Hello everyone. I have a problem regarding low pass pi filters. For context, I am a physics student and this is way, and I mean WAY outside of my purview. So much so, that I can't find this circuit, or anything like it in my textbooks. After some gruesome research, I found some formulas which I honestly can't explain, I have no idea where they come from, or if they are correct. My solution uses transfer functions which we haven't covered, but I truly can't think of anything else which accounts for voltage amplitudes.
So, the setup is the following:
Amplitude of U_out is 10 times smaller than the amplitude of U_in. [Sorry if that's not correct in the electronic lingo, English is not my first language]. If the capacitance is 10 micro-Farad, and the frequency is 100 Hz, find the inductance L.
In the picture below is my work, I would be grateful if someone could check it for me.
As you can see, I got ~L=2.5H, which seems a bit high, given that in the lab, we've only worked with mili, or even micro Henries. Also, this doesn't account for 2 capacitors, instead only using one of them, instead of parallel connection or something. I really don't know.

 

Yes, it seems fine. Below I attach a pdf showing the analysis and simulation of this pi circuit

 

Yes, it seems fine. Below I attach a pdf showing the analysis and simulation of this pi circuit

Wow!
That is very kind of you to go through all that trouble. Thank you very much. I will analyze your solution and try to break it down. Much appreciated! While I wasn't sure my answer would be correct, this has given it much more credibility.

 

There is a bit of a snag. . .
The SPICE voltage source has zero output impedance. Putting a capacitor directly across it has no effect.
If you remove C1 from the SPICE simulation it will make no difference. You have actually designed a 2nd order LC filter.

 

There is a bit of a snag. . .
The SPICE voltage source has zero output impedance. Putting a capacitor directly across it has no effect.
If you remove C1 from the SPICE simulation it will make no difference. You have actually designed a 2nd order LC filter.

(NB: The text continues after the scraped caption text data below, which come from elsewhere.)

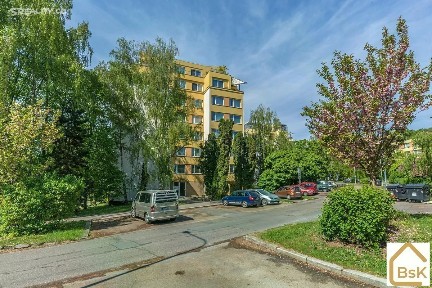 Prodej bytu 3+1 62 m² Šimůnkova, Praha - Kobylisy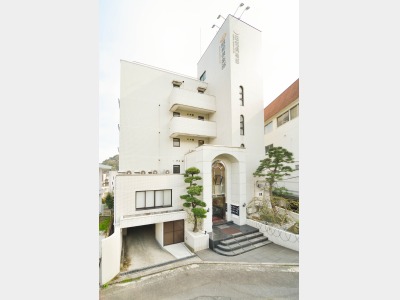 昭和倶楽部外観入口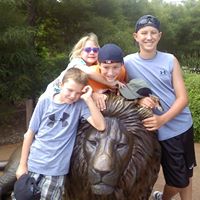 Julie Kovach Photo 36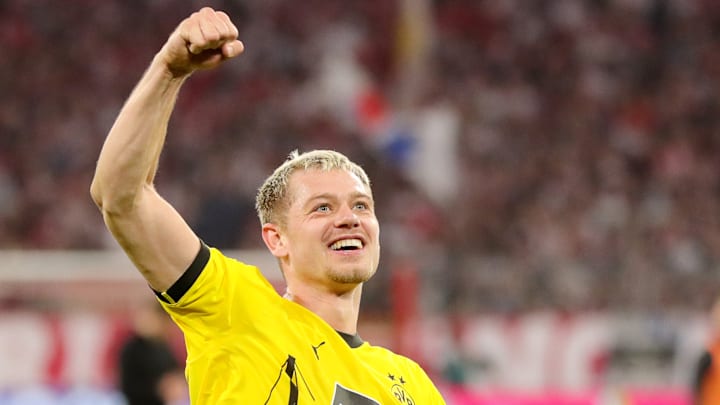 FC Bayern München v Borussia Dortmund - Bundesliga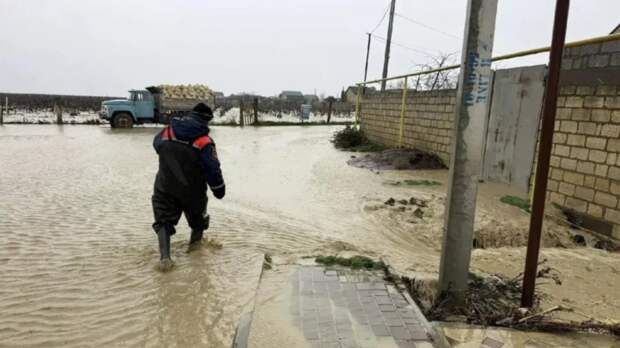 МЧС: более 1000 жилых домов подтоплено в Дагестане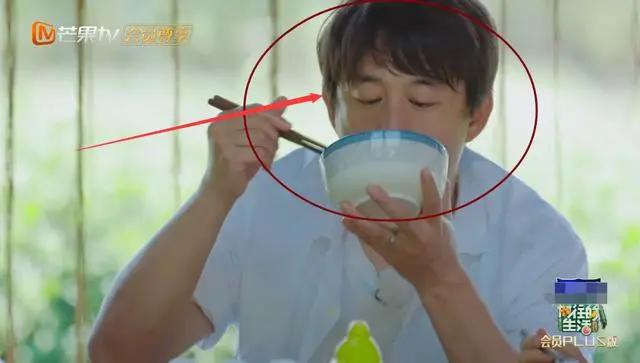 张子枫吃鸭蛋只吃黄被长辈说教，谁注意彭昱畅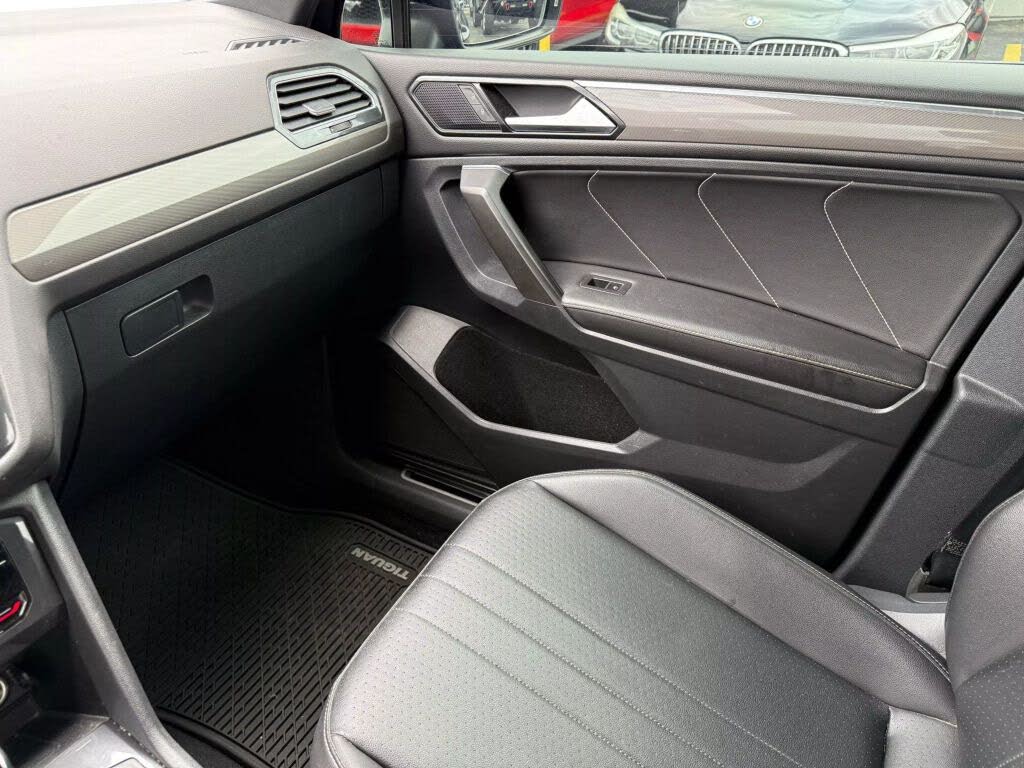 2022 Volkswagen Tiguan SE R-Line Black
                                    for sale in Miami, FL – photo 11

I am not sure if you are talking to me; however, I have no clue what SPICE is, or the effect of one of the capacitors on the circuit. Could you explain a bit further please? Is there something wrong with my, or Rodrigo's equations?

 

I am not sure if you are talking to me; however, I have no clue what SPICE is, or the effect of one of the capacitors on the circuit. Could you explain a bit further please? Is there something wrong with my, or Rodrigo's equations?

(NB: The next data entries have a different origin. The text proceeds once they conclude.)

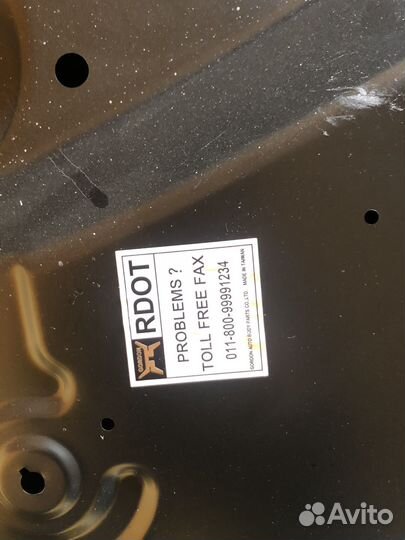 Передний капот на Mitsubihi oitlande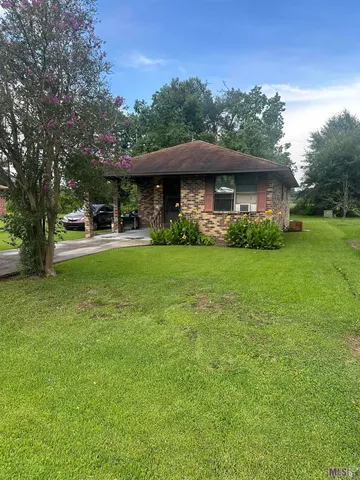 $110,000 | 8542 Bayou Run Drive, New Roads, LA 70760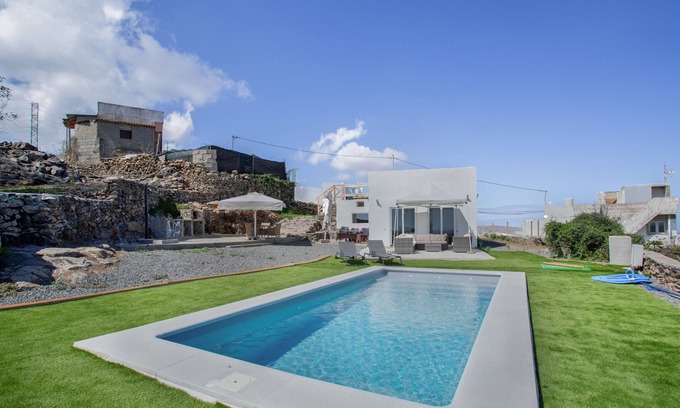 Santa Maria de Guía de Gran Canaria Villa | Villa de vacaciones 'Alegría' con vistas al mar, piscina privada y Wi-Fi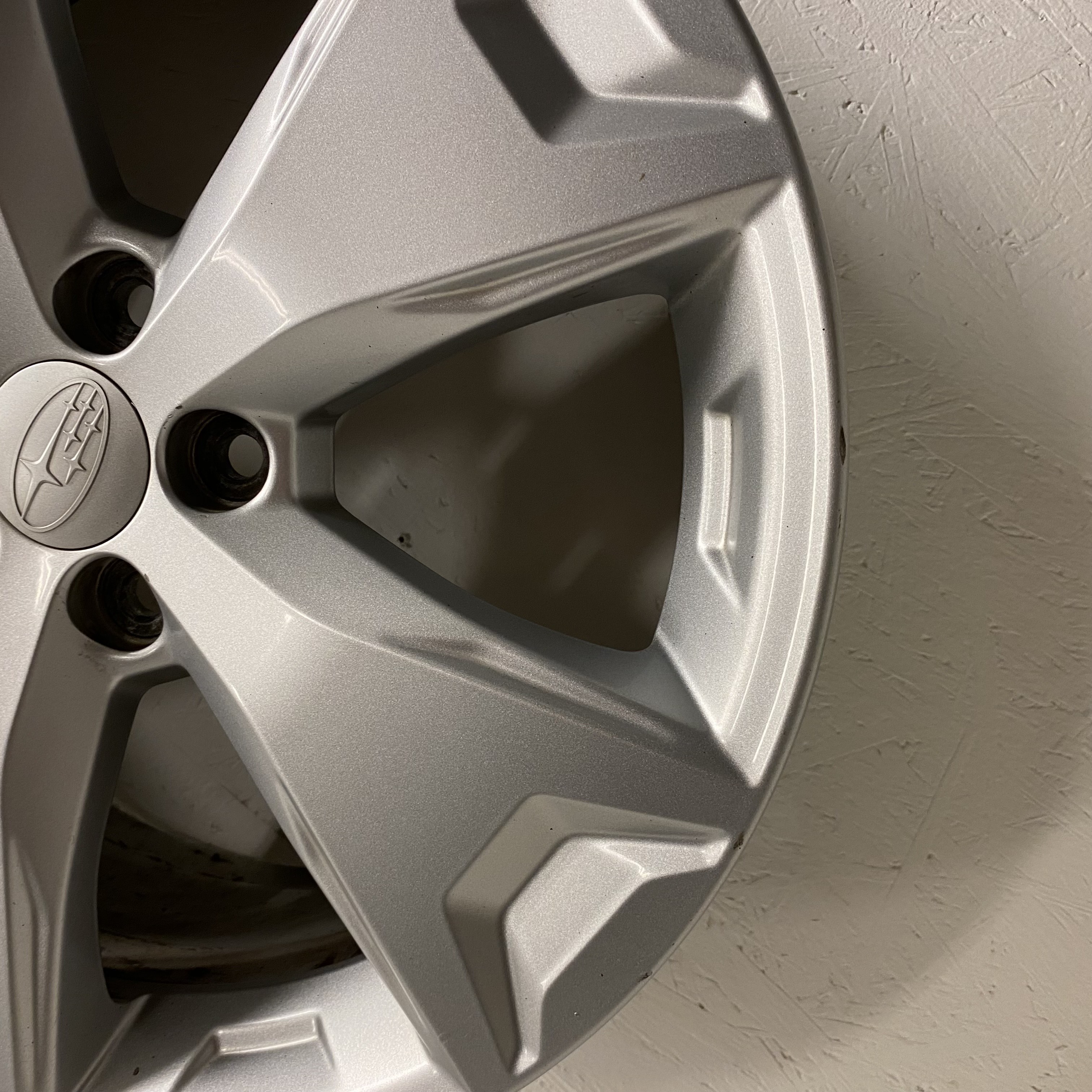 BEGAGNAT | 4 st | 17" ALUFÄLGAR SUBARU FORESTER TPMS S01701 | 5x100 7x17 ET48 56.1 - 7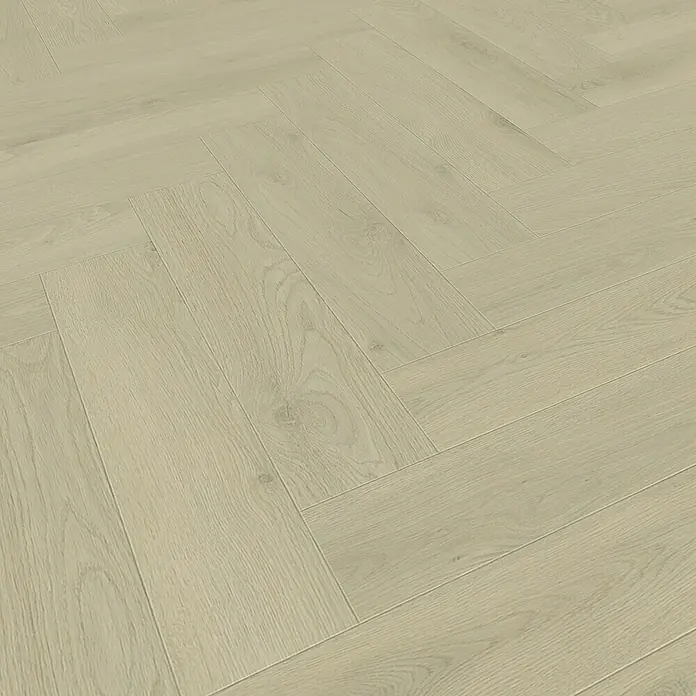Vinylboden Rigid Herringbone - Eiche Dalvik, Fischgrät, 125 x 625 x 5,5 mm - Heller Holzfußboden im Fischgrätmuster.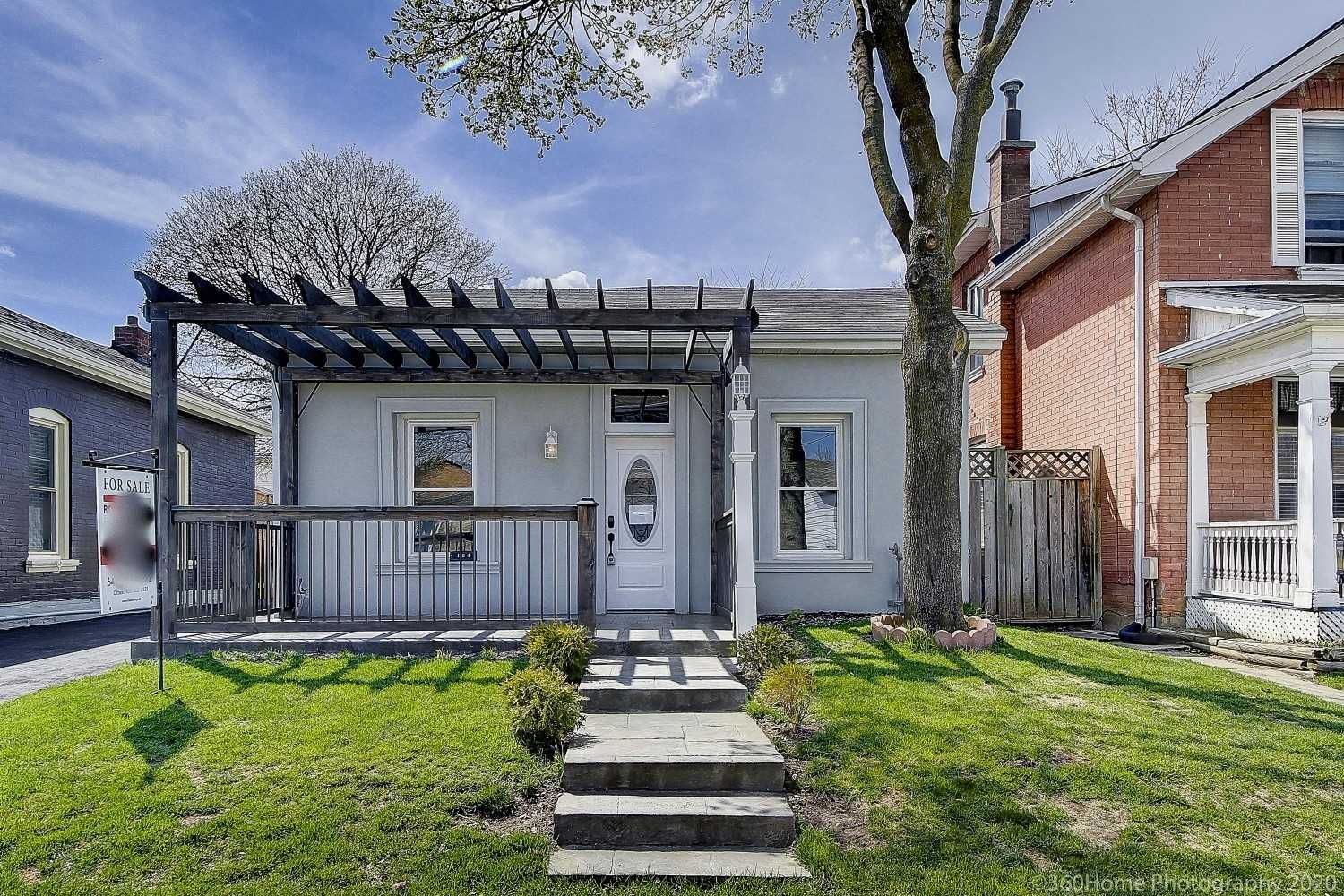 184 Brock St, Brantford 3+1 Bed House X4748418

Figures 3 and 4 are screenshots of the SPICE output.
You have a capacitor that is directly in parallel with a Thévenin source which has zero output impedance.
If you delete the capacitor it will have no effect whatseover on the outcome.
So your equations actually describe a 2nd order L section filter.

 

If your C's are predefined, with a known knee frequency, you will need to know the input and output impedance to find L.

 

There is a bit of a snag. . .
The SPICE voltage source has zero output impedance. Putting a capacitor directly across it has no effect.
If you remove C1 from the SPICE simulation it will make no difference. You have actually designed a 2nd order LC filter.

Hi,

It would however change the input impedance of the network, which can have various effects, and suggests that this circuit problem is not defined properly for a number of reasons I will try to make clear in my next post.

 

Hello everyone. I have a problem regarding low pass pi filters. For context, I am a physics student and this is way, and I mean WAY outside of my purview. So much so, that I can't find this circuit, or anything like it in my textbooks. After some gruesome research, I found some formulas which I honestly can't explain, I have no idea where they come from, or if they are correct. My solution uses transfer functions which we haven't covered, but I truly can't think of anything else which accounts for voltage amplitudes.
So, the setup is the following:
Amplitude of U_out is 10 times smaller than the amplitude of U_in. [Sorry if that's not correct in the electronic lingo, English is not my first language]. If the capacitance is 10 micro-Farad, and the frequency is 100 Hz, find the inductance L.
In the picture below is my work, I would be grateful if someone could check it for me.
As you can see, I got ~L=2.5H, which seems a bit high, given that in the lab, we've only worked with mili, or even micro Henries. Also, this doesn't account for 2 capacitors, instead only using one of them, instead of parallel connection or something. I really don't know.

Hello,

It looks like this problem is not defined properly for a number of reasons.

First, a Pi network is not used with an input voltage source alone that has zero output impedance. A Pi network is usually inserted between two other networks where the first network has a given output impedance and the second network has a given input impedance. Typical values might be 50 Ohms for each of the two impedances, but they could be different with the Pi network being used to help match impedances. There is an exception for a power circuit, but you'd have to have been given more information for that also for that to be true.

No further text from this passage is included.